Today, I will not spill my latte on my laptop and ruin it like I did that time during finals week my junior year of college.

Today, I will write tighter sentences than the one directly above this one.

Today, I will enjoy where I am in this process.  There’s always going to be someone way up ahead of me.  But I’m here.

Today, though, I reserve the right to not particularly enjoy where I am, physically.  This is due to unpredictable influxes of coffee shop roulette: it might be pure serenity, but there’s also the chance that it will be pure chaos and I’ll want to just smack someone.

Today, I will not smack anyone.

Today, I’ll work hard.

Tonight, I’ll work a bit more.  (Well, I’ll either work or read all the WriteOnCon stuff I missed from yesterday.)

And then, I’ll rest.

What are your goals for today?

Dangling in the Balance Between Life Sucks and Happily Ever After

4 Aug

Have you ever been working on a novel, and walked away from a productive day of work feeling sort of unsettled about it?

I’m not talking about the writing itself, really.  Or the fact that it might be taking forever to complete.  Or (insert your insecurity of choice here).

Things have been going really well with these edits.  Some of the scenes are taking (a TON) more work than others.  Some are way better than I initially thought they were.  Either way, I’m making steady progress because I’ve been plowing my way through this draft with reckless abandon.  (Okay, reckless abandon is a bit melodramatic, but whatevs.  I’ve got to get the melodrama out somewhere, and it is NOT going into my draft.)

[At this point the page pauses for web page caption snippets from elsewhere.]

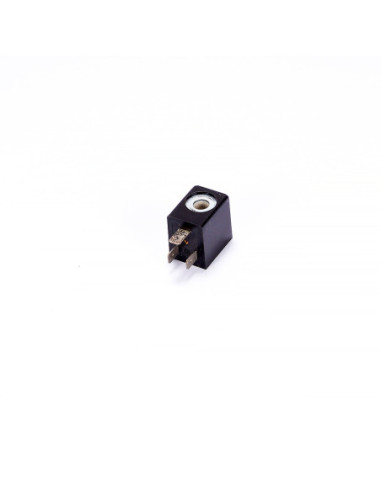 Cewka elektromagnetyczna, MSFG 4/60848, Festo | Pneumatyka | Eshop Dopak | Wszystko dla Przemysłu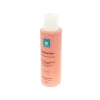 Dissolvant doux sans acétone / 125ml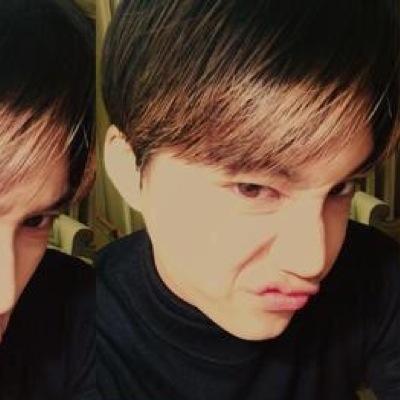 ติ่งเกาหลี || EXO-L TH. || เมนKIMJONGIN.
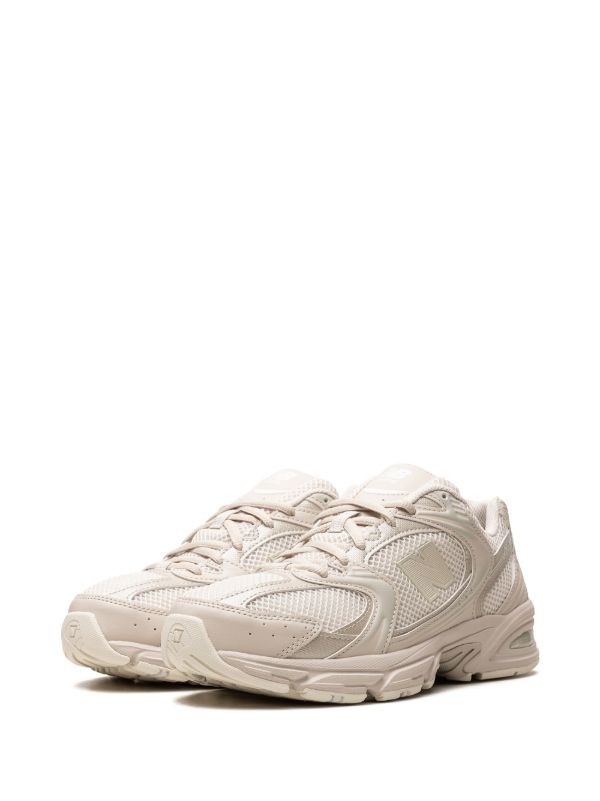 New Balance 530 Sneakers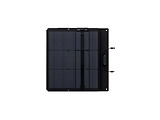 EcoFlow NextGen Bifacial Portable Solar Panel / 220W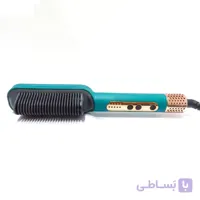 اتو مو شانه ای سوکانی مدل Sokany SK-1008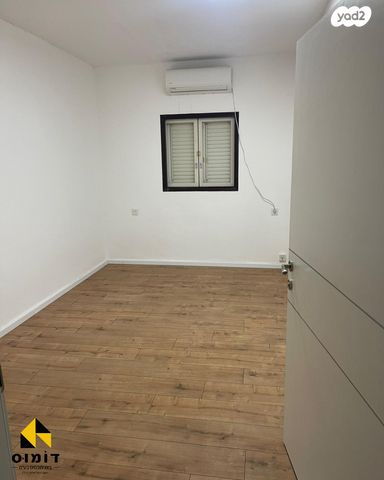 דירה, הנשיא הראשון, א' / צפון מזרח העיר, רחובות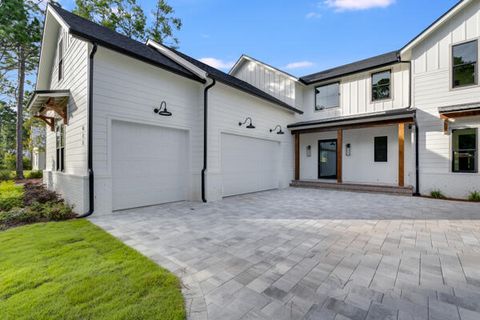 411 W Point Washington Road Santa Rosa Beach FL 32459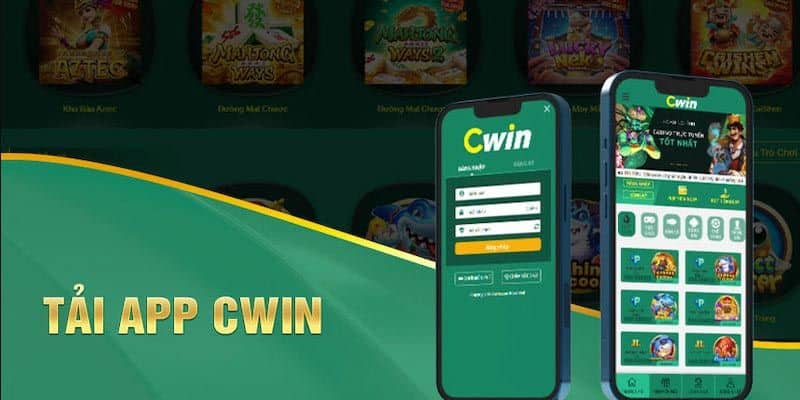 Cwin Bị Chặn - Tìm Hiểu Nguyên Nhân Và Cách Khắc Phục Cwin Bị Chặn - Tìm Hiểu Nguyên Nhân Và Cách Khắc Phục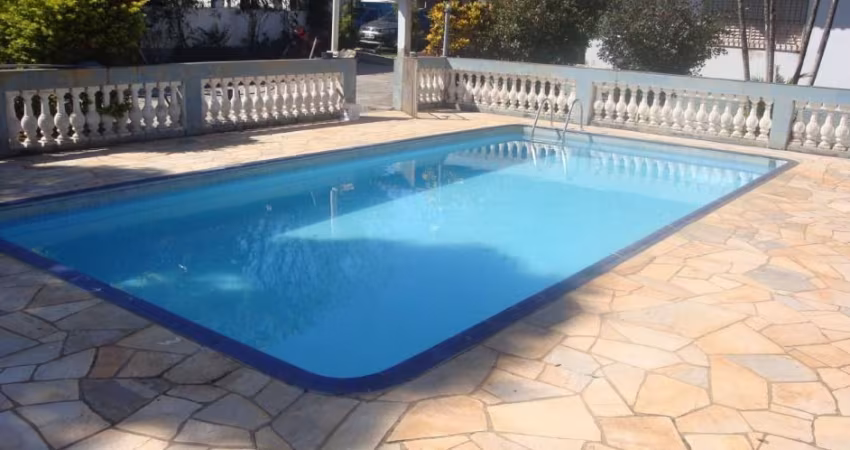 Sítio disponível para venda em Cajuru-SP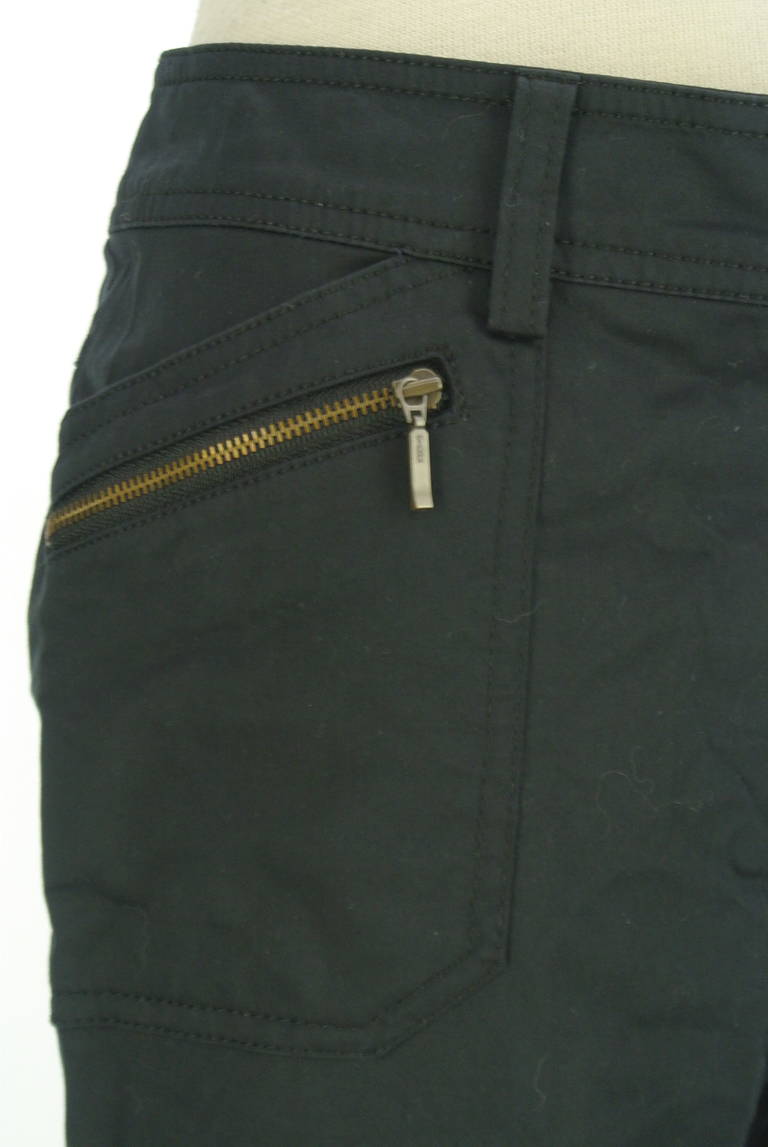 MK MICHEL KLEIN（エムケーミッシェルクラン）の古着「商品番号：PR10323107」-大画像4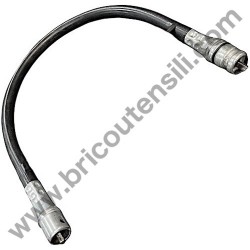 Flexible Drive Shaft for Brushcutter Valex TEXAS 52Z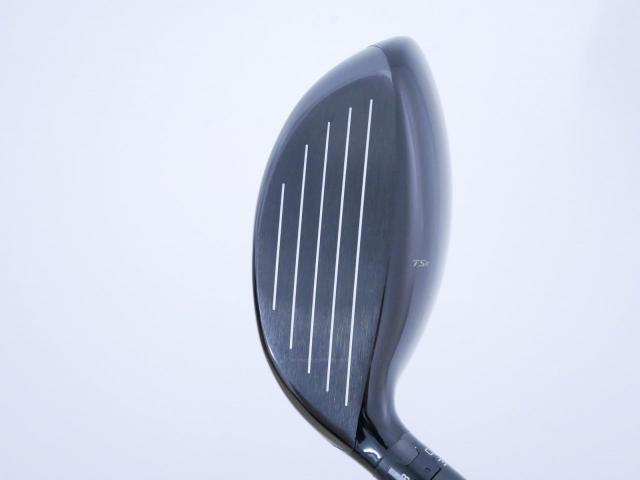 Fairway Wood : Titleist : หัวไม้ 5 Titleist TSR 1 (ปี 2023) Loft 18 ก้าน Titleist TSP120 Flex S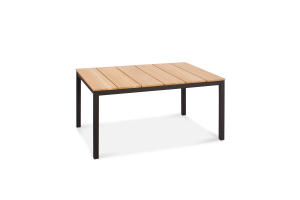 ORION Tisch 150x100 cm [FSC-zertifiziert]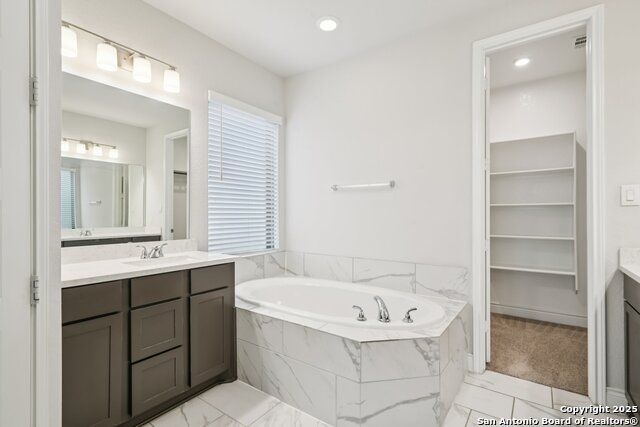 Image 16 of 37 For 14047 May Mist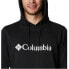 Фото #4 товара Columbia Csc Basic Logo II Hoodie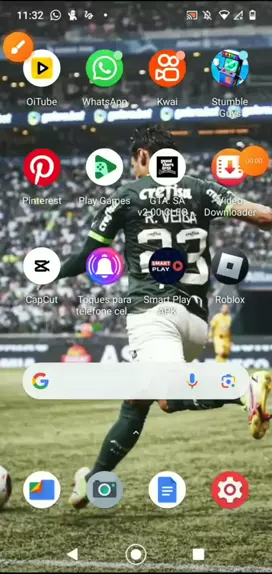 instalar smart play apk Discover instalar smart play apk Discover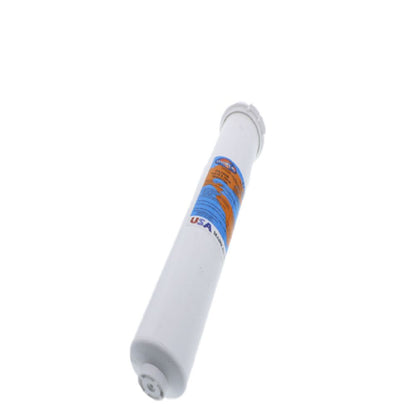Omnipure E5715 Everpure® Compatible 1M CTO/Cyst/Pb - 2000 gal Filter
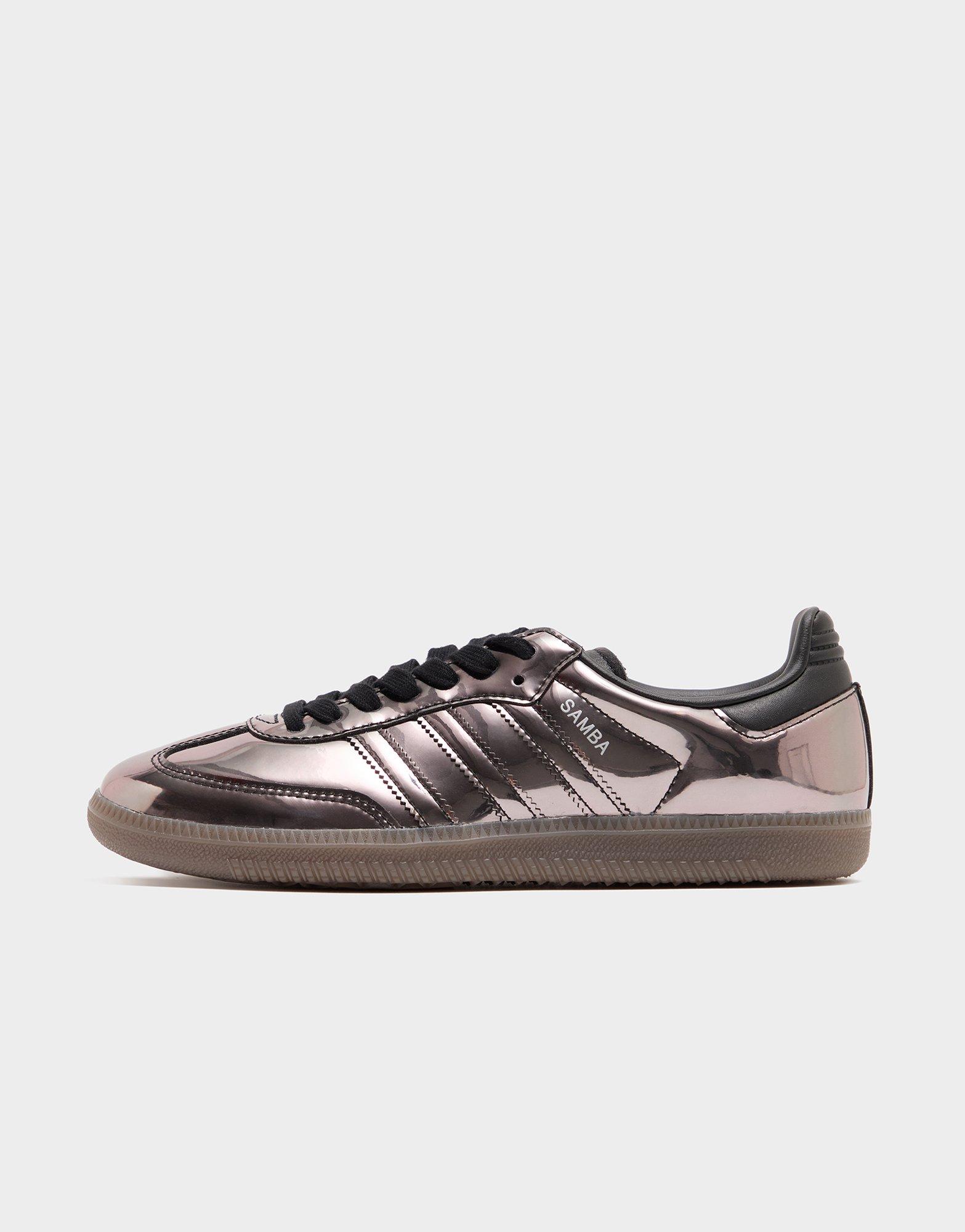 adidas Originals Samba OG Women's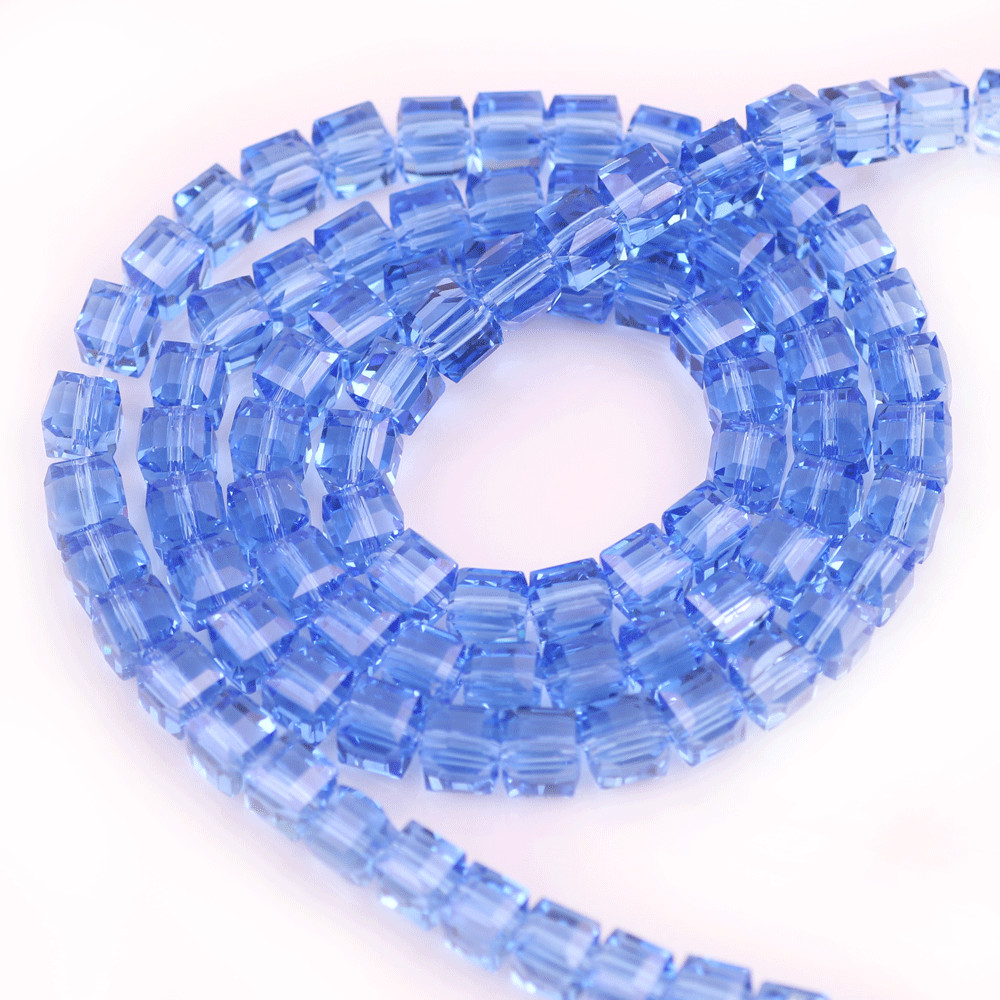 2/3/4/6/8/10 мм австрийские ст – обзор и цена Embroidery Glass Beads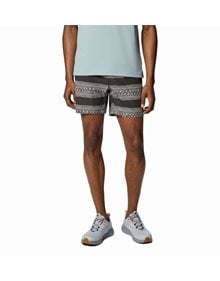 Men's PFG Rambler™ Printed Water Short  WATER SHORTS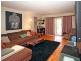 Cranbourne North VIC 3977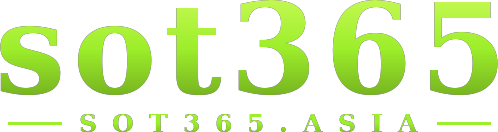 sot365 logo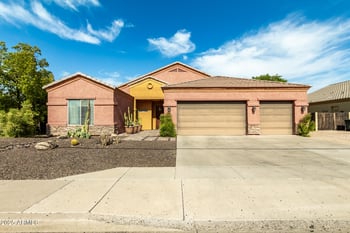 6719 15th Ave, Phoenix, AZ 85015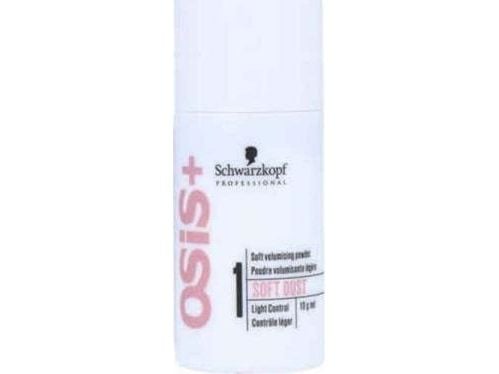 Schwarzkopf Professional - Osis+ - 10 g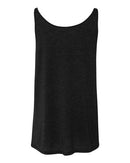 BELLA + CANVAS - Women's Slouchy Tank - 8838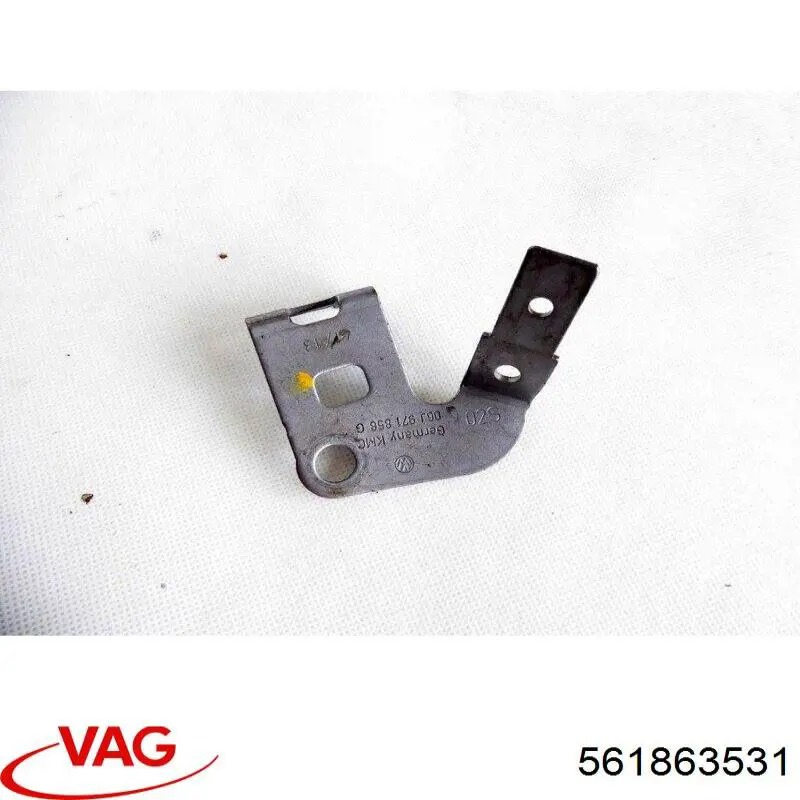  VAG 561863531 ціна, від 4.43 USD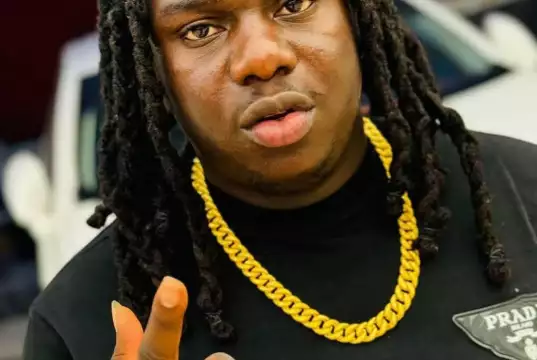 Popular Native Doctor Akwa Okuko Sentenced To 2 Years In Prison Popular Anambra Celebrity Native Doctor’, Akwa Okuko Arrested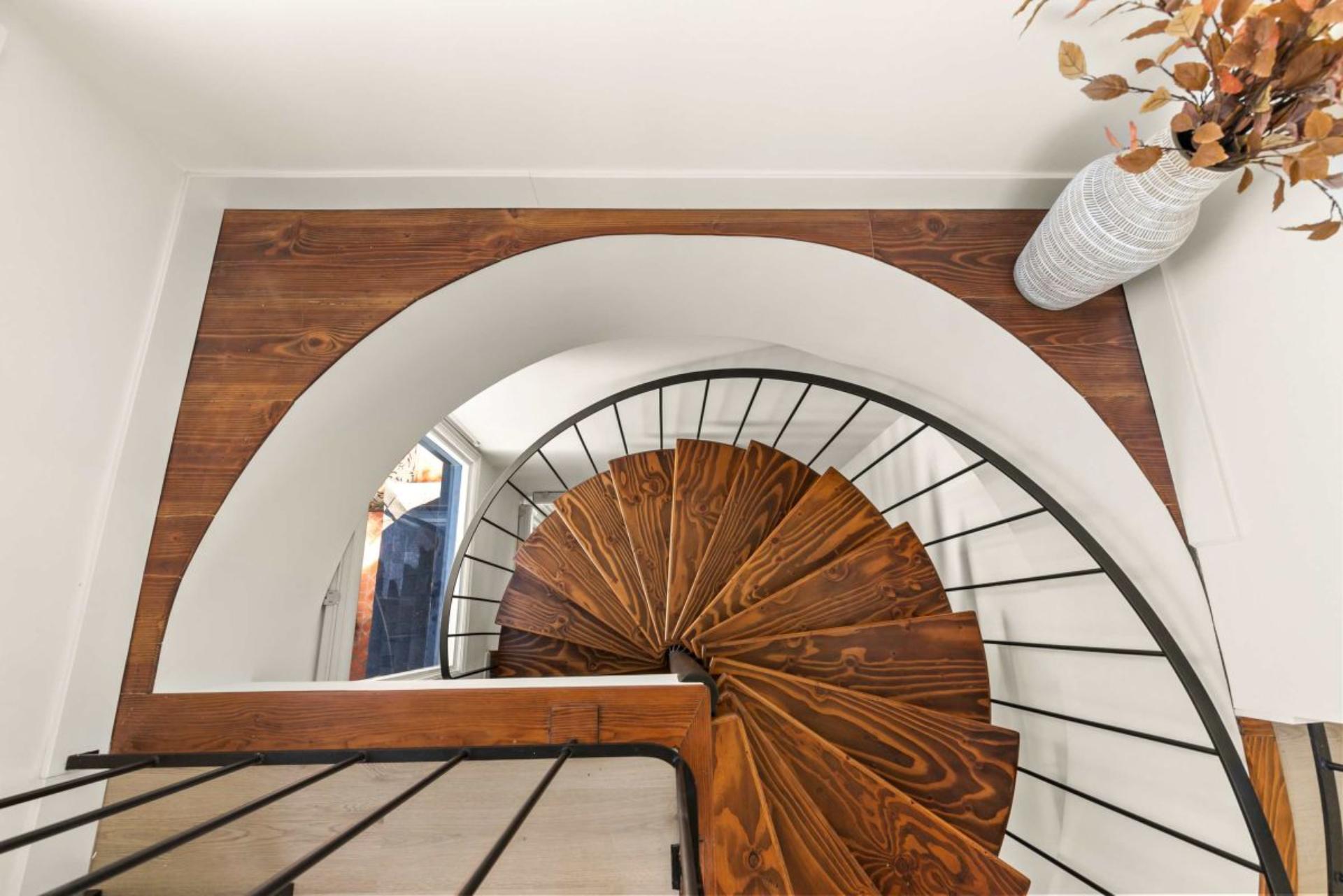 La Jolla Luxe Shores Retreat | Photo 20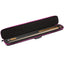Casemaster Parallax Cue Case C.P.Dean Company
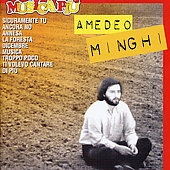 Musica Piu Musica Piu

Yesterday was no exception, but despite good progress and satisfaction with the scenes I had worked on, I found myself feeling the slightest bit unsettled.  Then, it occurred to me:

Duh.  Your main guy and main girl are totally at odds with each other, and you (having the tendency to want to fix, fix, fix EVERYTHING) just want them to live peacefully ever after.

I hate to see people upset with each other in real life, so I guess it should come as no surprise that this carries over into my feelings about my characters.

This is probably a good problem to have.  It means the novel has its fair share of conflict, and it means I am able to empathize with my characters. It also means I’m not giving in to the temptation to resolve tension too quickly.  Hopefully, it means I’ll do justice to the emotions they’re experiencing so that future readers will empathize with them, too.

Do you ever feel unsettled after writing scenes that leave your characters dangling in the balance between life sucks and happily ever after, or is it just me?  If you do feel this sort of empathy with your characters, I’m curious — what made you realize you’d come to care so much for them?